Information shown: Begin

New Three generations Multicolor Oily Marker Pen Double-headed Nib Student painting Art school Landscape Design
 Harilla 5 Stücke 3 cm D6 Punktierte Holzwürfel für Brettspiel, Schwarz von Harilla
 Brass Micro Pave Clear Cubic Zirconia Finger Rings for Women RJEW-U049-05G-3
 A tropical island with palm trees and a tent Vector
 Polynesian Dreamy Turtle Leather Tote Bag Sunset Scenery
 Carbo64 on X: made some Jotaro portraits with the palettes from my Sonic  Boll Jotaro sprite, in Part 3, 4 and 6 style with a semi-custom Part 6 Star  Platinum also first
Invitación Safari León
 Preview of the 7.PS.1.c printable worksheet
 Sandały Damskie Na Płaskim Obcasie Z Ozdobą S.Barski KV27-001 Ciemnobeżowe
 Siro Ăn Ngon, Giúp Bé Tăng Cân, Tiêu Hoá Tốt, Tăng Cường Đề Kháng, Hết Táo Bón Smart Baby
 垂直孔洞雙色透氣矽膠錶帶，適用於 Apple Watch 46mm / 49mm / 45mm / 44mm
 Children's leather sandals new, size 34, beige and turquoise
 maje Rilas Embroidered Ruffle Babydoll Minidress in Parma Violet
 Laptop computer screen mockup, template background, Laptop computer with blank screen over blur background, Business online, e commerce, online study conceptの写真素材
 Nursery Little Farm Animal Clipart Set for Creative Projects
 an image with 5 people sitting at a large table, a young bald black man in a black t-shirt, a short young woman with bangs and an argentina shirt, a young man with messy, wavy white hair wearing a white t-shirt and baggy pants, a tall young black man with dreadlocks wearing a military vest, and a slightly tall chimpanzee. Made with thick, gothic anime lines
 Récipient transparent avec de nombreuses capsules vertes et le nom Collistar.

Information shown: End

(Exercise aim):
Nothing but the lines from the start of the data through the line holding "Polynesian Dreamy Turtle" should be restated, and each one exactly.

(Reply):
New Three generations Multicolor Oily Marker Pen Double-headed Nib Student painting Art school Landscape Design
 Harilla 5 Stücke 3 cm D6 Punktierte Holzwürfel für Brettspiel, Schwarz von Harilla
 Brass Micro Pave Clear Cubic Zirconia Finger Rings for Women RJEW-U049-05G-3
 A tropical island with palm trees and a tent Vector
 Polynesian Dreamy Turtle Leather Tote Bag Sunset Scenery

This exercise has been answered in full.